The Arabidopsis thaliana genome reannotation project, TAIR12, represents a significant milestone in the plant biology research landscape. This ambitious and community-driven initiative, led by the TAIR (The Arabidopsis Information Resource) team at Phoenix Bioinformatics, advances the accuracy and depth of genome data for this vital model organism. A. thaliana was the first plant genome that was completely sequenced and has served as a reference for other plants for over 25 years. The last update to the genome was almost 10 years ago.
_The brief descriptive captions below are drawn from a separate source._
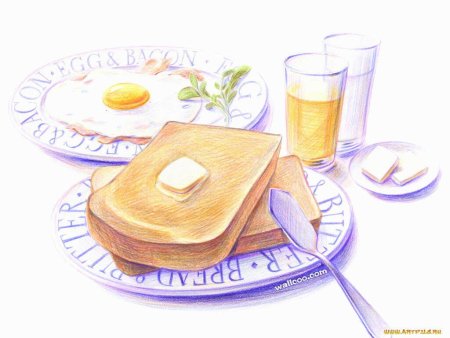 Рисунок на тему завтрак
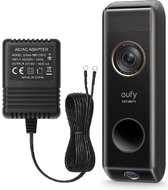 eufy Security Video Deurbel Dual 2 Pro +Hoogwaardige AC/AC Adapter – met 6 meter kabel– Video Doorbell- 2K HD – Dubbele Camera's – Pakketdetectie – Gezichtsherkenning – Batterijgevoed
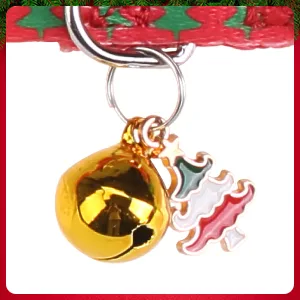 VKPETFR Breakaway Cat Collars with Bell & Cute Pendants - 3 Pack Adjustable Safety Kitten Collars - Collar for Kitten Cat Christmas - christmas cat collar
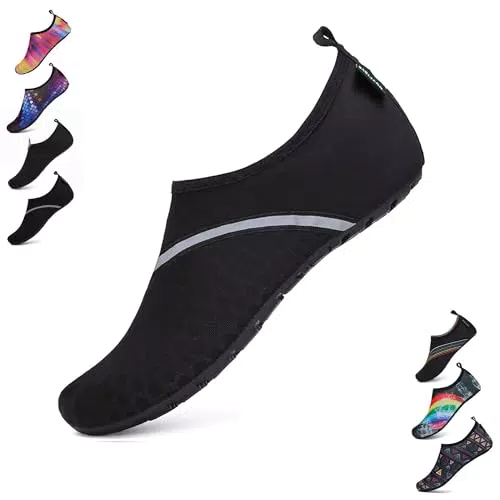 SAGUARO Schwimmschuhe Damen Aquaschuhe rutschfeste Hausschuh Schnell Trocknend Wassersportschuhe für Yoga Gymnastik Schnorcheln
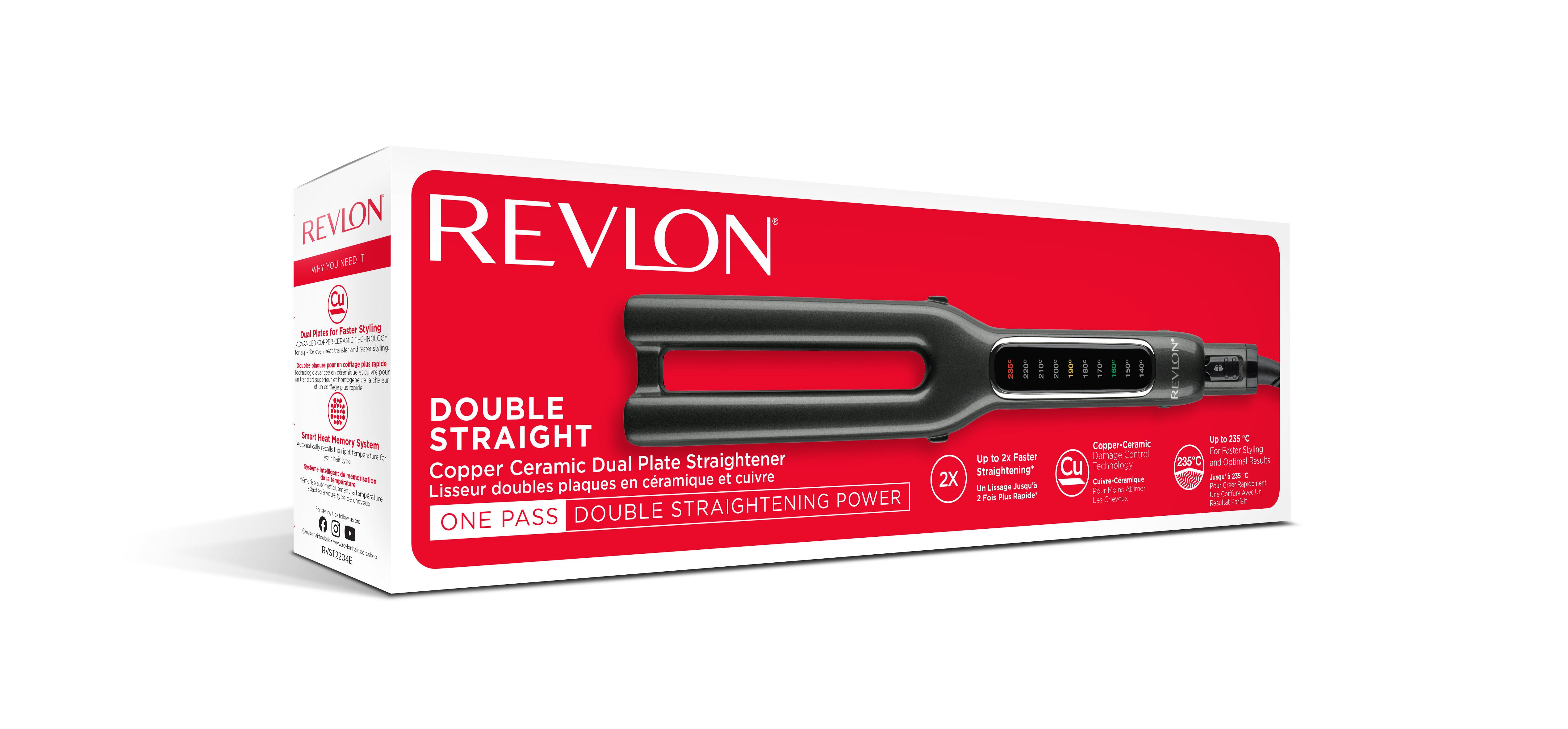 REVLON Haarglätter Double Straight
Since then sequencing, assembly, and genome annotation technology have improved dramatically, providing the opportunity to generate a high fidelity, gapless genome sequence assembly and an extremely well-supported structural gene annotation on top of it.
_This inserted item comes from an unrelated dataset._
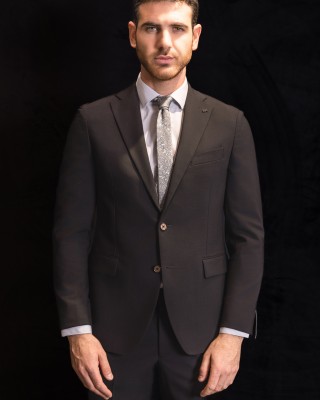 Κοστούμι Michael Kors Wool Blend μαύρο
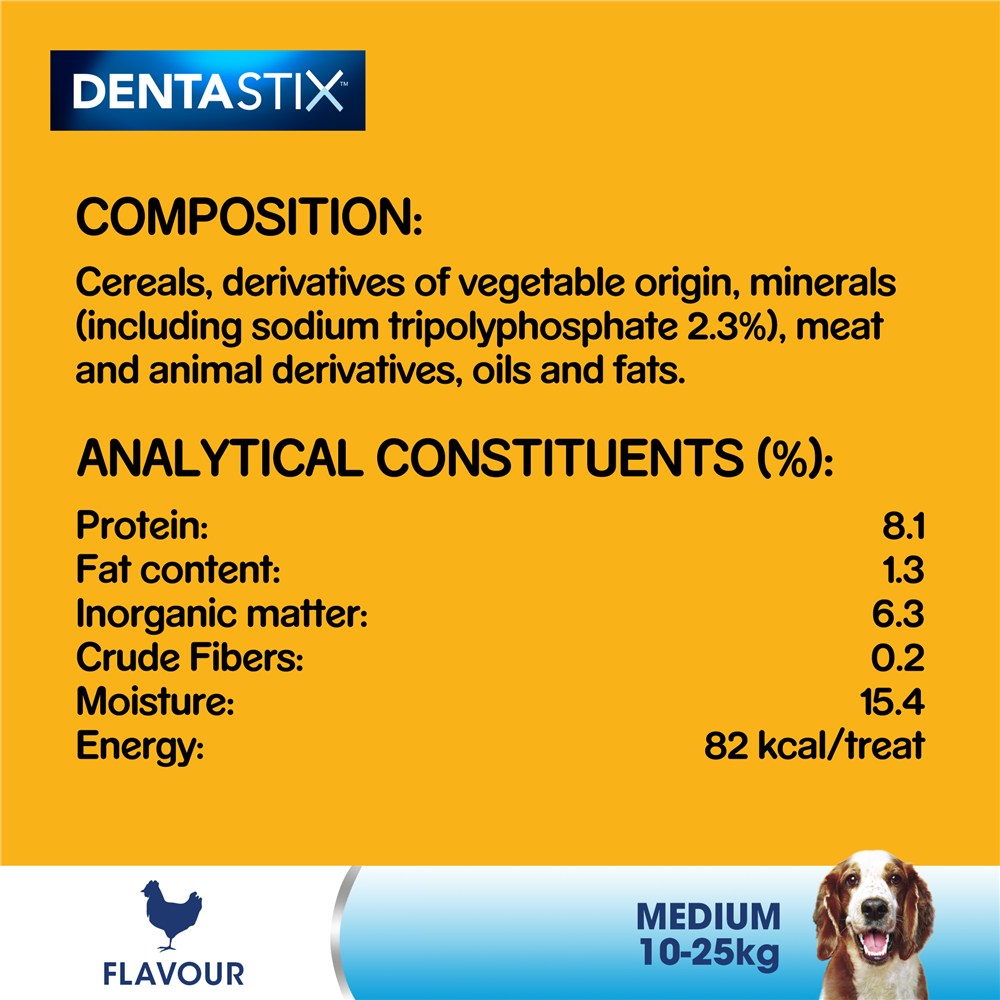 Pedigree DentaStix Daily Dental Dog Treats for Medium Breed Dogs, 5 Sticks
This project is unique in that it relied on a voluntary community effort with the infrastructure and organization provided by TAIR and Phoenix. Over 100 scientists from all over the world with expertise in many different areas, all sharing their time and skill for the good of the larger research community. The Schneeberger laboratory at the Max Planck Institute in Cologne assembled the new chromosome backbone, the foundation of the reannotation, from 13 high quality long read genome sequences of the reference ecotype Col-0. The Pikaard laboratory at Indiana University provided the sequences of the nucleolar organizer regions (NORs) at the tips of chromosomes 2 and 4 so that we could create a true complete genome of Col-0. The US National Center for Bioinformatics (NCBI) ran its Eukaryotic Genome Annotation Pipeline on this assembly and provided the resulting files to the TAIR team for review. The TAIR team coordinated the expert review of over 10% of the predicted protein coding genes, focusing on those that had changed since the Araport11 annotation. Other collaborative groups took on the task of full annotation or reannotation of the transposable elements, lncRNAs, ribosomal RNAs, repeat elements, centromere, telomere, and NORs. The final integration and quality control of all newly annotated and reviewed genes and other sequence elements was taken on by the TAIR team.
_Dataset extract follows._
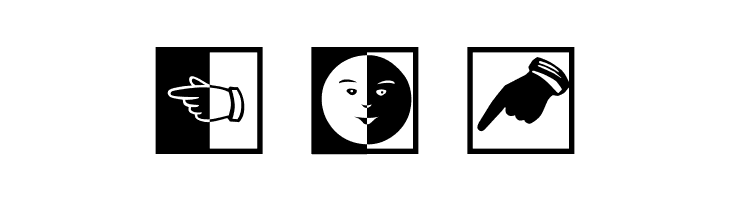 BlackWhiteSigns  Free Fonts Download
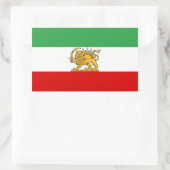 IRAN Lion and Sun Flag LARGE Sticker 長方形シール (バッグ)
The expert review process required meticulous attention to detail while examining the supporting data. It involved primary and secondary checks on updated genes, comparisons with external protein databases like Peptide Atlas, and the resolution of gene overlaps or sequence issues.
Leading the project at Phoenix Bioinformatics is Tanya Berardini, supported by a dedicated team including Alyssa Proisa, Leonore Reiser, Shabari Subramaniam and Xingguo Chen. Since 2013, Phoenix Bioinformatics’ work, including the TAIR team’s effort in this reannotation, has been funded by the user community through subscriptions.
The TAIR12 reannotation will continue to shape plant genomics by providing the most comprehensive and reliable reference genome that has ever been available. The reannotation serves the Arabidopsis research community and strengthens the foundation for comparative genomics and functional studies in other plant species.
Stay tuned for future updates as the team moves forward with completing this comprehensive annotation project, making the results available first through GenBank and then through other resources that serve the scientific community.